There is good evidence that clozapine is more efficacious than first-generation antipsychotic drugs in resistant schizophrenia. It is less clear if clozapine is more effective than the other second-generation antipsychotic (SGA) drugs. A noncommercially funded, pragmatic, open, multisite, randomized controlled trial was conducted in the United Kingdom National Health Service (NHS). Participants were 136 people aged 18-65 with DSM-IV schizophrenia and related disorders whose medication was being changed because of poor clinical response to 2 or more previous antipsychotic drugs. Participants were randomly allocated to clozapine or to one of the class of other SGA drugs (risperidone, olanzapine, quetiapine, amisulpride) as selected by the managing clinician. Outcomes were assessed blind to treatment allocation. One-year assessments were carried out in 87% of the sample. The intent to treat comparison showed no statistically significant advantage for commencing clozapine in Quality of Life score (3.63 points; CI: 0.46-7.71; p = .08) but did show an advantage in Positive and Negative Syndrome Scale (PANSS) total score that was statistically significant (-4.93 points; CI: -8.82 to -1.05; p = .013) during follow-up.

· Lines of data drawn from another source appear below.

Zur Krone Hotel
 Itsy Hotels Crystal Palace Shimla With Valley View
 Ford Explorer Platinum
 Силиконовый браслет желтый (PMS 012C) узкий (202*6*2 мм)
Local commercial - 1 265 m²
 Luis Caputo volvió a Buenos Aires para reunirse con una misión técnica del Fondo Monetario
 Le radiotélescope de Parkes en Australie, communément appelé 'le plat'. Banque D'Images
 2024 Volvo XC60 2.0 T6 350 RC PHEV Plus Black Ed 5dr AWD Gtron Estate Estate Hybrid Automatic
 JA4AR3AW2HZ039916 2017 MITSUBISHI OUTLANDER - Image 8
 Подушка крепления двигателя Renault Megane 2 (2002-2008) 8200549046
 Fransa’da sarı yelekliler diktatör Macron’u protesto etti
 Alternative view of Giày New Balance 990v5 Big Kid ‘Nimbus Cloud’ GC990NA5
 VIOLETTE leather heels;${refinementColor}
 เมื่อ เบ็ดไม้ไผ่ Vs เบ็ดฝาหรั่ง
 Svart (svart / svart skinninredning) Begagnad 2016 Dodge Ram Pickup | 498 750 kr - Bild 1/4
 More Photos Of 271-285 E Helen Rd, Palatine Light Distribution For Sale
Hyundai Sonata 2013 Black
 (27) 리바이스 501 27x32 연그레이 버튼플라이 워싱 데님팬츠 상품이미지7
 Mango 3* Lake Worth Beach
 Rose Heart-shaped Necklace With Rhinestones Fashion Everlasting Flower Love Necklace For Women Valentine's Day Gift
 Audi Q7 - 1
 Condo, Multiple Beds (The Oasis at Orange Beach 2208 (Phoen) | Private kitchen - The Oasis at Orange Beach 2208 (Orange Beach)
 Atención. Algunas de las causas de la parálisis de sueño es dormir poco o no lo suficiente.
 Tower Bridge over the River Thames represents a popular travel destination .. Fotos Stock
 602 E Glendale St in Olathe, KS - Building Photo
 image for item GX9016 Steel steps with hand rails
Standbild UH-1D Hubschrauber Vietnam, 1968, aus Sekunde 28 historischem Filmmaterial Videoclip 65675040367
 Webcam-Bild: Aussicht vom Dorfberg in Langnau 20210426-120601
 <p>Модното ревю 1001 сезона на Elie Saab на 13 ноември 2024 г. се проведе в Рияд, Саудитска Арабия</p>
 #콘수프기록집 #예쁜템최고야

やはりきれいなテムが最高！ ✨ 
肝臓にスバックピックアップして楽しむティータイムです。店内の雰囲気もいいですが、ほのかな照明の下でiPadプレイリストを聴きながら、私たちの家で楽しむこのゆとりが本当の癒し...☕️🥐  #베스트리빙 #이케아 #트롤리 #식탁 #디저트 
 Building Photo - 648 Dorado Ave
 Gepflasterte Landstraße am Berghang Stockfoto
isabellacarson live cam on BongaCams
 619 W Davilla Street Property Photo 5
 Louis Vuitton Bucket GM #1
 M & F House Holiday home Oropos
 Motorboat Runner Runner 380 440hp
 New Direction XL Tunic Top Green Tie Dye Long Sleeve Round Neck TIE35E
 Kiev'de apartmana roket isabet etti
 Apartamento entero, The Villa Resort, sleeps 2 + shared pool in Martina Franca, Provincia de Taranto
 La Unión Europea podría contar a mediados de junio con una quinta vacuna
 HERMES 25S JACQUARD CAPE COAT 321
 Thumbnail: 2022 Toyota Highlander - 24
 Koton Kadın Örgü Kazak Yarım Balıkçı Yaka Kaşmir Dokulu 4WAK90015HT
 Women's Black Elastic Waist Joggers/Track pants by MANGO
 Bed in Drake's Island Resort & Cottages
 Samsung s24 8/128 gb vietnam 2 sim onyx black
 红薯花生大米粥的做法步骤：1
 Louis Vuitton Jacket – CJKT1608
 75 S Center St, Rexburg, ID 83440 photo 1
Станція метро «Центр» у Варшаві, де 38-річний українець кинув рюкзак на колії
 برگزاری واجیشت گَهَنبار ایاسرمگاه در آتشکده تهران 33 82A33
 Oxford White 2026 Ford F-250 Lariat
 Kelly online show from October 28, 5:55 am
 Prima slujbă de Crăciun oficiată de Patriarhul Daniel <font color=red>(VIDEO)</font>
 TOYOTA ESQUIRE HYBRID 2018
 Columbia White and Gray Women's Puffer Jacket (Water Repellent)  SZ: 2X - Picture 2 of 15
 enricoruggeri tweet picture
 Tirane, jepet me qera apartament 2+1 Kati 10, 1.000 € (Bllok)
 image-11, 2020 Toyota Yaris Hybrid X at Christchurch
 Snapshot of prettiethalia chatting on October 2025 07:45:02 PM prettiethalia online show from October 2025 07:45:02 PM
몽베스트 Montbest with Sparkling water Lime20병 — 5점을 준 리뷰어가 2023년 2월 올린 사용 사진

Clozapine showed a trend toward having fewer total extrapyramidal side effects. At 12 weeks participants who were receiving clozapine reported that their mental health was significantly better compared with those receiving other SGA drugs. In conclusion, in people with schizophrenia with poor treatment response to 2 or more antipsychotic drugs, there is an advantage to commencing clozapine rather than other SGA drugs in terms of symptom improvement over 1 year.